Top of DATA TO EXAMINE

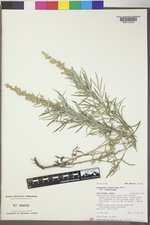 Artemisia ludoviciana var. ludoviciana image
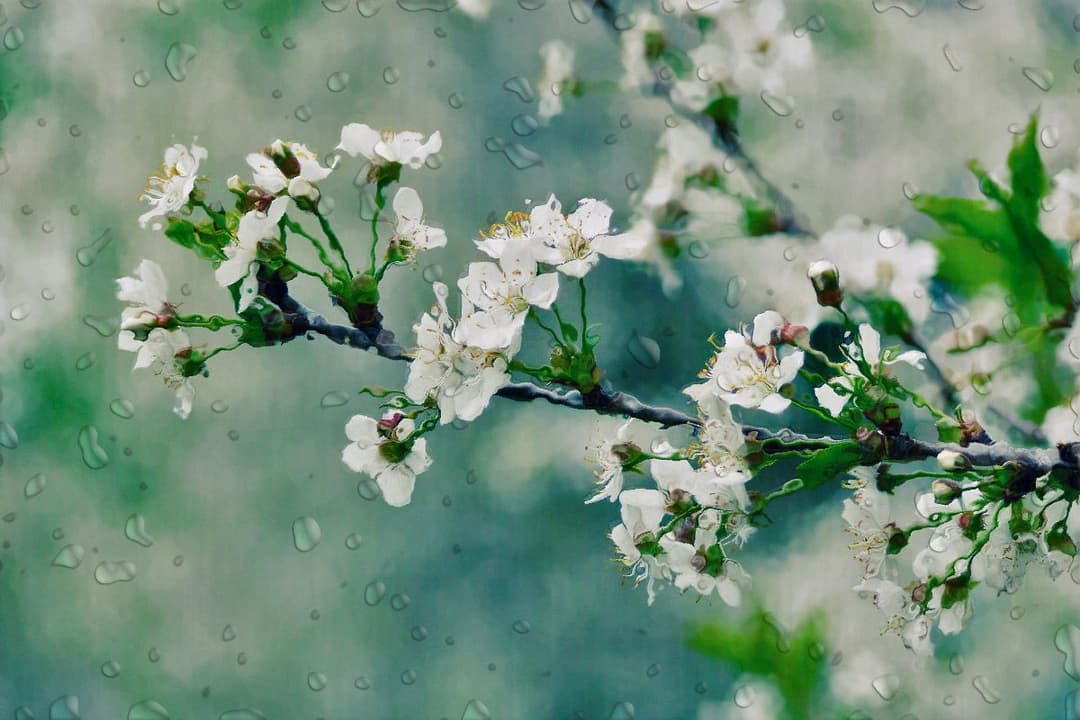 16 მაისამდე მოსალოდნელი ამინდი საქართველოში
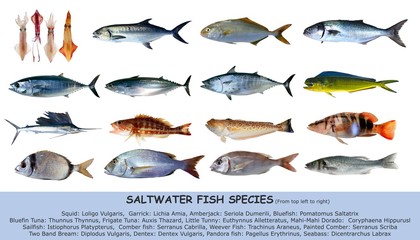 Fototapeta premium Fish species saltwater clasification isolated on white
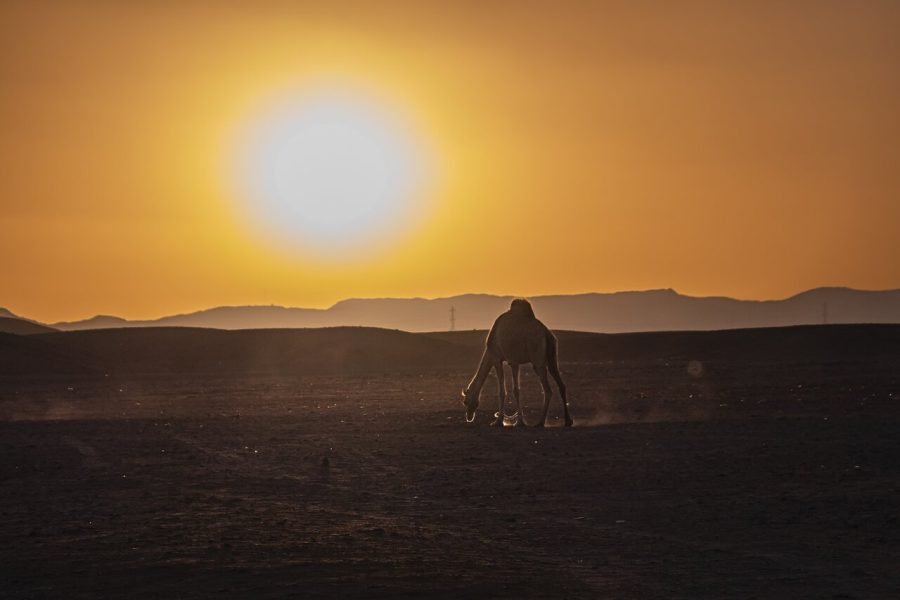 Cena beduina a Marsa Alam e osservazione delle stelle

Bottom of DATA TO EXAMINE
Top of DATA TO EXAMINE

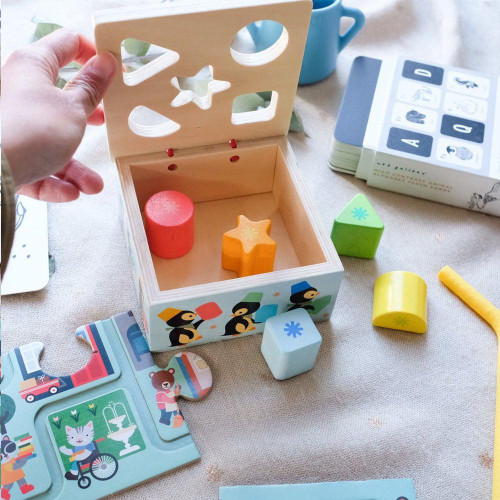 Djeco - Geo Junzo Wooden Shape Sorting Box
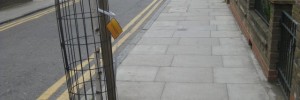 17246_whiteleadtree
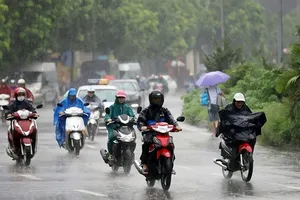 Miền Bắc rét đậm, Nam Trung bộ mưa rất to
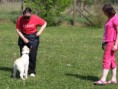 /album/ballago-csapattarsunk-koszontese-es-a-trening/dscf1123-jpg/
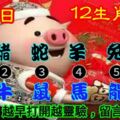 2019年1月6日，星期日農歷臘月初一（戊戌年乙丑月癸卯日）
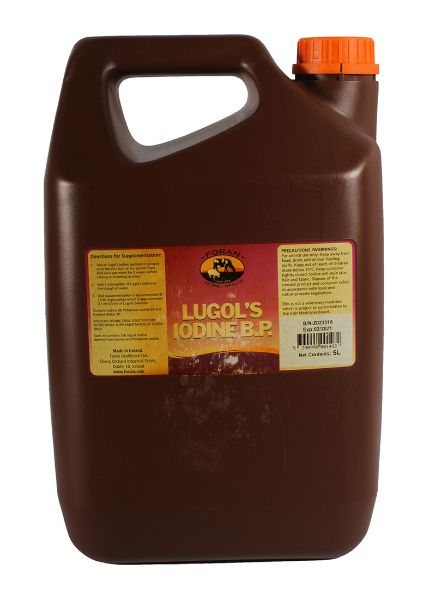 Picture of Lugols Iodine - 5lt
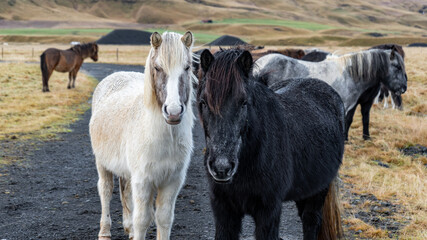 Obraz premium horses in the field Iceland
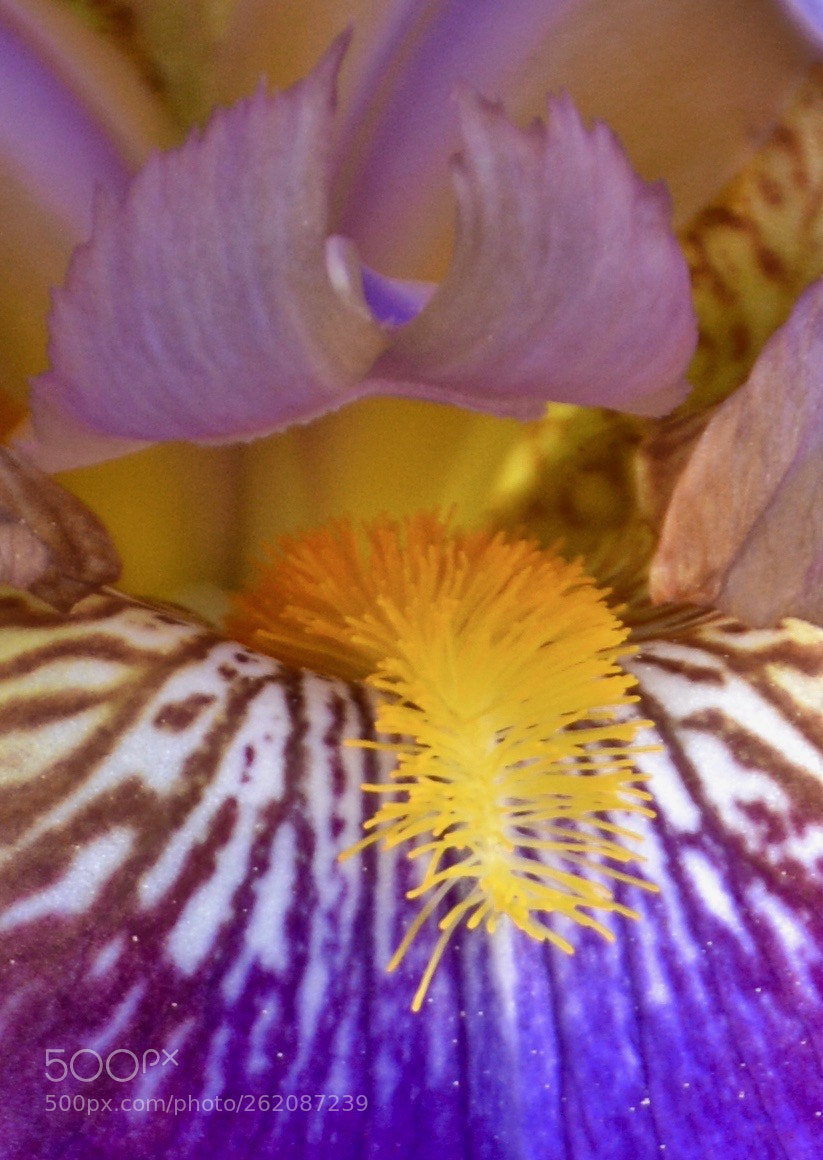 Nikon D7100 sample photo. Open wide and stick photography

Bottom of DATA TO EXAMINE

Look above for the line containing "Miền Bắc rét đậm, Nam Trung bộ mưa rất to" and the line containing "Nikon D7100 sample", then reproduce both and everything between them exactly, pictures omitted.

 Miền Bắc rét đậm, Nam Trung bộ mưa rất to
 /album/ballago-csapattarsunk-koszontese-es-a-trening/dscf1123-jpg/
 2019年1月6日，星期日農歷臘月初一（戊戌年乙丑月癸卯日）
 Picture of Lugols Iodine - 5lt
 Obraz premium horses in the field Iceland
 Nikon D7100 sample photo. Open wide and stick photography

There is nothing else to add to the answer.